Re: A note on computing thugs and coding bums
- From: spinoza1111 <spinoza1111@xxxxxxxxx>
- Date: Fri, 11 Jan 2008 06:49:19 -0800 (PST)
Ben's posts are examples of what I'm talking about! He's able to find
flaws in the code and address my points without Schildt-like attacks
on people.
Randy Howard, Richard Heathfield, and Willem, either emulate him or
leave.
Here's my response including a bug fix.
On Jan 11, 1:08 pm, Ben Bacarisse <ben.use...@xxxxxxxxx> wrote:
spinoza1111<spinoza1...@xxxxxxxxx> writes:
<snip>
This was a technical post describing my concern, with references, to
code presented as Beautiful which seemed to me Ugly because it didn't
even work for modern strings [...]
Fairer to say that it is "old" code. Your C# "modern string" version
would not have been possible at the time. Technology marches on and
The problem here is that the publication date of the book Beautiful
Code was 2007. It is intellectually dishonest to maintain that
something as pragmatic, as applied, as code can be beautiful, at least
without an explicit statement from Kernighan that "I ignore
international characters", a statement he did not make.
we stand, to some extent, on the shoulders of giants. Incidentally,
(talking of giants) the UTF-8 encoding of Unicode that has so helped
to make "modern strings" possible was designed and first implemented
by Ken Thompson -- prompted by Rob Pike.
Which makes Kernighan's omission even more pernicious.
American computer scientists and their fellow-travelers all over the
world insist on using C to talk about algorithms, and this is a
serious mistake, as exhibited by the ease in which I transliterated
the code and created thereby an out of bounds bug (immediately caught
by the runtime, as it would be in production) for the regex A*.
Pike's code is bug-free, it appears (although I have no proof of this,
and haven't seen it run bug-free according to its own charter). This
is not because he's a demigod. My own experience between 1970 and
1975, a period in which I used assembler exclusively, was that by dint
of constant work with a language you avoid making stupid mistakes.

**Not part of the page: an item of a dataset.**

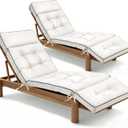 MAGIC ELEPHANT Chaise Lounge Cushion Outdoor Set of 2, Memory Foam Replacement Patio Pool Lounge Chair Cushion with Ties for Outdoor Furniture, 74 x 22 x 4 Inch (Antique White)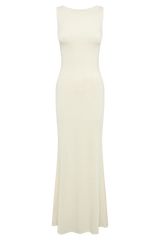 Tarna Sleeveless Slinky Maxi Dress - Bone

I
had this same experience when I used C heavily between 1987 and 1992,
yet I blundered when returning to it...for example, I calculated with
invariants in a for loop header.
But all this means is that C unnaturally imposes tics and expectations
on the programmer coming out of a specific place and time.
It is bad teaching practice to teach, as good computer science, in a
notation that requires the student to know and remember (1) value
parameters can be written safely in C and (2) no sweat if you're off
by one, Nul saves you.
In particular, the latter "feature" creates a coding bum who simply
doesn't worry about such errors.
When I saw the code passing an incremented but unchecked regex, I was
astonished at Pike's and Kernighan's silence on what essentially was
the presentation of pathology as Beauty, for the same reason I was
astonished by the pathology and silence of using a value parm as a
work area. More than this, the arrogance of the pathology, the
arrogance of the brutal silence, and the arrogance of the praxis made
me physically ill.
Now, I am aware that Princeton University, where Kernighan teaches, C
is a required language for majors in computer science. In fact, it is
not taught for the same reason Princeton's math classes start with
calculus. I know this because part of my job at Princeton between 1987
and 1992 was teaching C, during a period in which I used it and
assisted Nash, and became aware of its unusability (Nash switched to
Mathematica).
But during that time, I found myself needing to create a systematic
set of functions associated with structs merely to convert their
contents to strings, to compare them, and to duplicate them. These
were of course precursors of modern, object-oriented, methods such as
toString(), compare() and clone().
It seemed, to use a Shakespearean turn of phrase, a waste of spirit in
an expense of shame to create separate but equal functions, each of
which posed a danger in turn. I could see, easily enough, that the
process had a finite bound. But compared to what I knew of
mathematical work, it seemed utterly pointless.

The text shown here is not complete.